Dr. Picciolo (Tony) has worked for NOAA since Day One in 1970. Currently he is the Marine Biology Group Leader at the National Oceanographic Data center. Current primary emphasis is in coral reef data management. In past years he developed and managed NODC's biological program. He also served as Chief of the NODC Oceanographic Data Applications branch, Chief of the NODC Search and Acquisition Branch, Chief of the Oceanographic Special Projects Branch and lengthy stints as Acting Division Director for two NODC Divisions. He developed and managed the NODC/NESDIS Liaison Officer Program for more decades than he will admit. Another point of pride is that he developed the international inventory of oceanographic samples and observations, previously known by the acronym, ROSCOP. He was the NODC Principal Investigator for data management of the International Decade of Ocean Exploration (IDOE ) and other major oceanographic programs. He served on several international and national committees and working groups concerned with oceanographic data management and was also the Executive Secretary of the Scientific Committee for the Exploration of the Atlantic Shelf (SEAS). Currently he is a member of two working groups of the U.S. Coral Reef Task force.

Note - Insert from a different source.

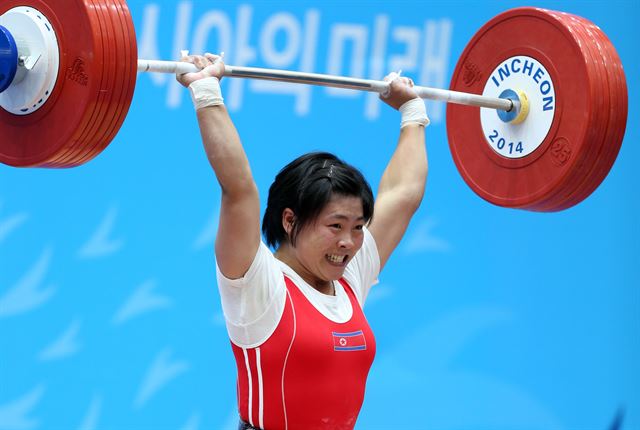 지난 22일 달빛축제정원 역도경기장에서 열린 2014 인천 아시안게임 역도 여자 58kg급 경기에서 북한의 리정화가 용상 2차 시기에서 134kg을 들어올리고 있다. 리정화는 인상 102kg, 용상 134kg 합계 236kg으로 2위 중국의 왕 솨이를 1kg 앞서며 금메달을 획득했다. 연합뉴스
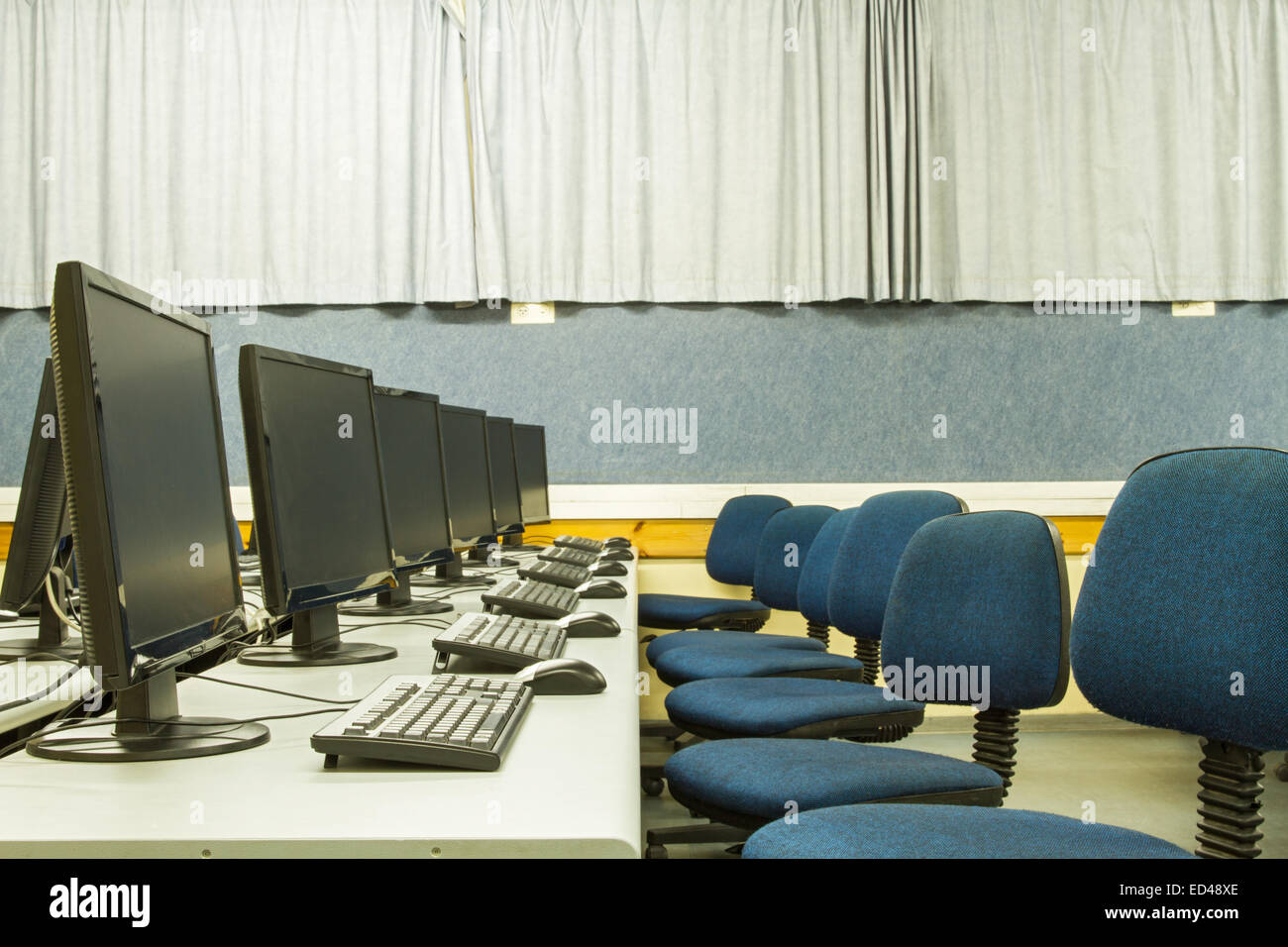 Picture a classroom equipped with personal computers with LCD monitors ...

Tony earned his B.S. and Ph.D. degrees in zoology at the University of Maryland. His first introduction to marine biology was as a graduate student, where with his professor, Dr. Howard E. Winn, he spent two summers at the Bermuda Biological Station working on the behavior, autecology, and bioacoustics of coral reef fishes. He also studied ichthyology under Drs. Leonard P. Schultz and Earnest Lachner at the Division of Fishes, U.S. Museum of Natural History. He spent two other summers working for the Division of Fishes (Indopacific fishes) and the Systematics Laboratory of the Bureau of Commercial Fisheries (which under NOAA became the National Marine Fisheries Service.) During these years he also worked on reproductive biology and behavior of southeast Asian fishes, bioacoustics and behavior of Chesapeake Bay fishes, behavior and ecology of freshwater stream fishes, and the developmental anatomy of tropical marine fishes.

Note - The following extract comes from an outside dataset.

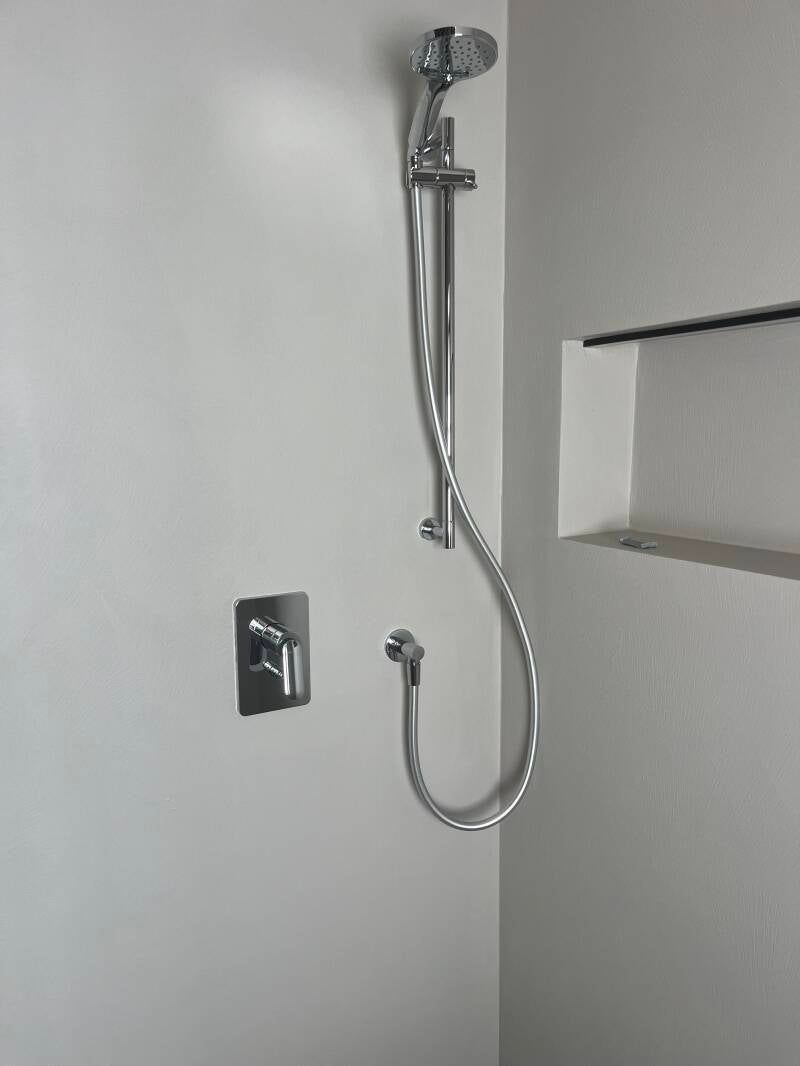 Rubinetto per doccia cromato su parete bianca con mensola incorporata.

Over the years he has spent a lot of time in personal exploration and specimen collection in the Peruvian and Colombian Amazon regions, the Angel Falls area of the Gran Sabana of Venezuela, the Sierra Maestra Mountains of Cuba, the volcanic slopes of Guadeloupe and St. Vincent, and Trinidad and Tobago. As a scuba diver, he has dived and photographed reefs in the Florida Keys, Guadeloupe, the Cayman Islands, Turks and Caicos, the Dominican Republic, Cozumel, Dominica, St. Lucia, the Bay Islands of Honduras, and Belize.

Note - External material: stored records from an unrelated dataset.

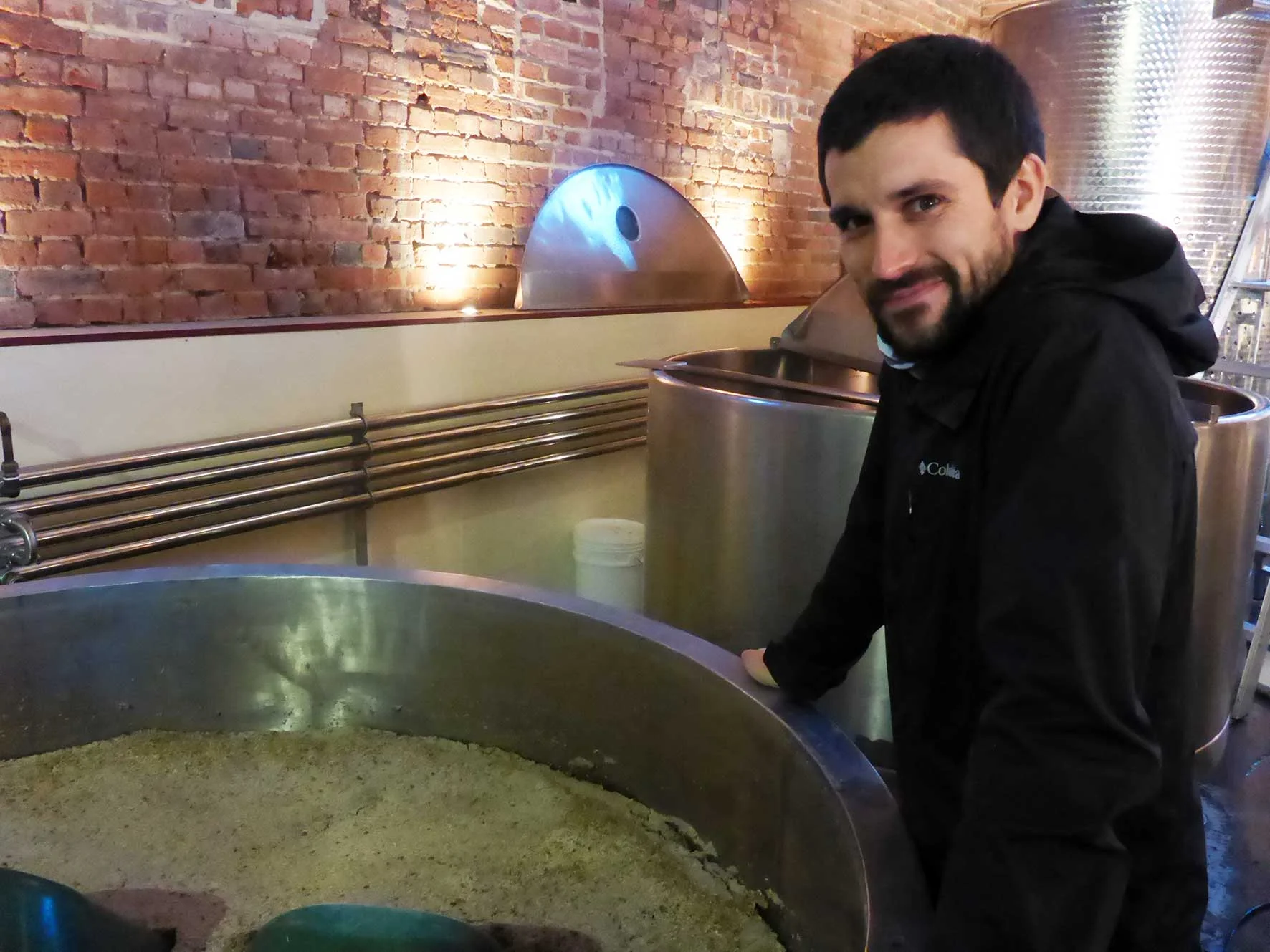 Chris checking the mash at Redlands Distillery School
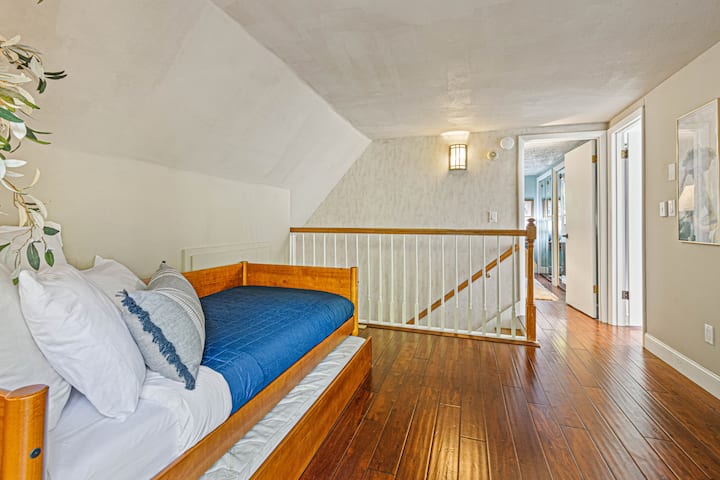 The Loft is directly upstairs from the main level. The 3rd level consists of the Loft, the King Bedroom, and a Full Bathroom. 

The Loft has a twin bed with twin trundle.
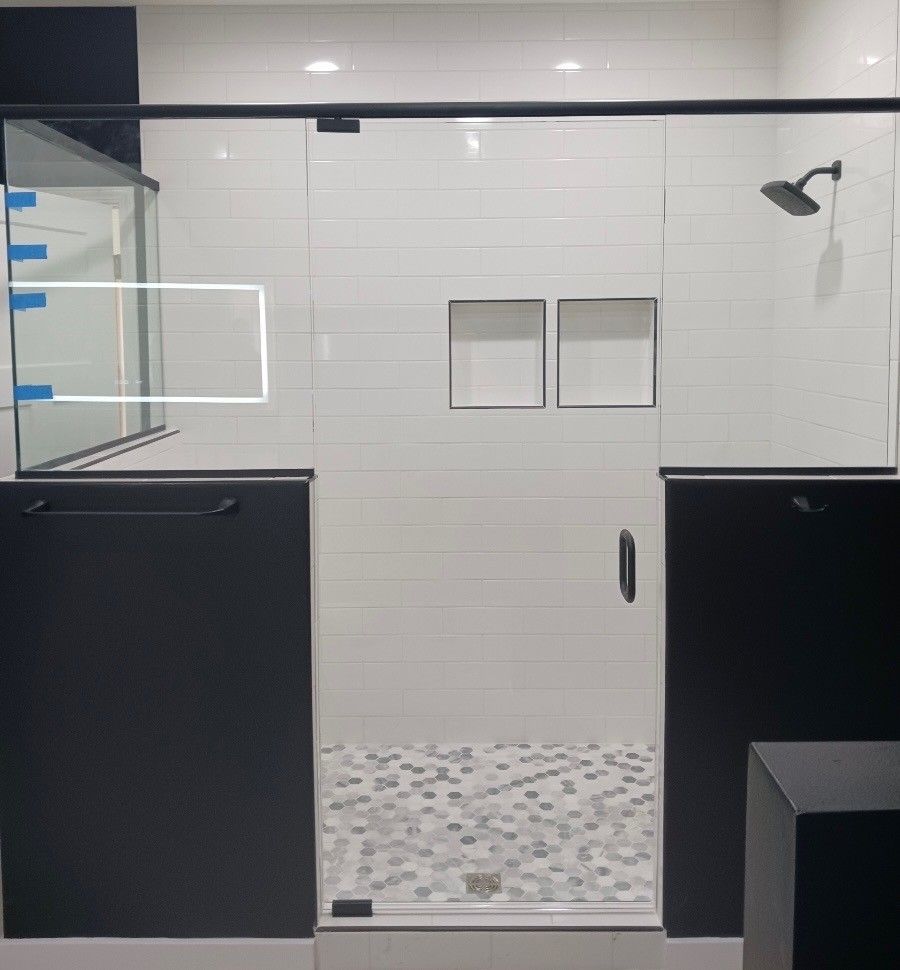 A bathroom with a sliding glass shower door and a shower head.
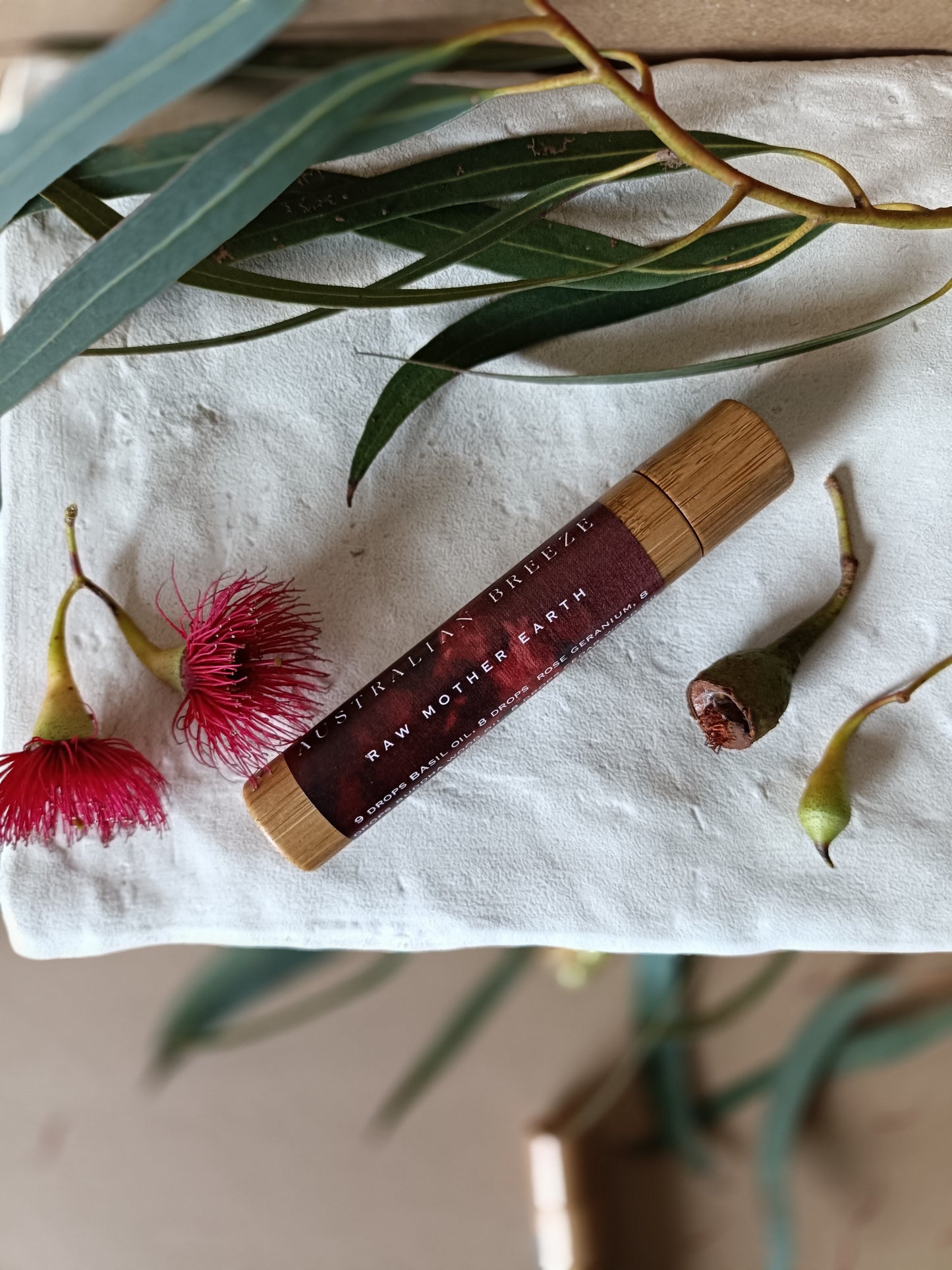 Cosmetic tube with a wooden cap on a white stone with green leaves and  eucalyptus pink flowers.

Tony has also held teaching positions at the University of Maryland, Prince George's Community College and the U.S. Department of Agriculture Graduate School. He taught courses in general biology, general zoology, vertebrate anatomy and physiology, human ecology, vertebrate embryology, and advanced biological oceanography.

Tony's interest in biology emerged early in his life, probably as a natural extension of an early passionate interest, which continues to this day, in 19th century central and south African history . Given any opportunity, he will bore you to death with mind-numbing minutia on the exploits of Victorian-era African explorers, the rise and fall of the Zulu nation, and why Western civilization is crumbling as a result of three world catastrophes: The Loss of the Brooklyn Dodgers and the deaths of Elvis and Francis Albert Sinatra.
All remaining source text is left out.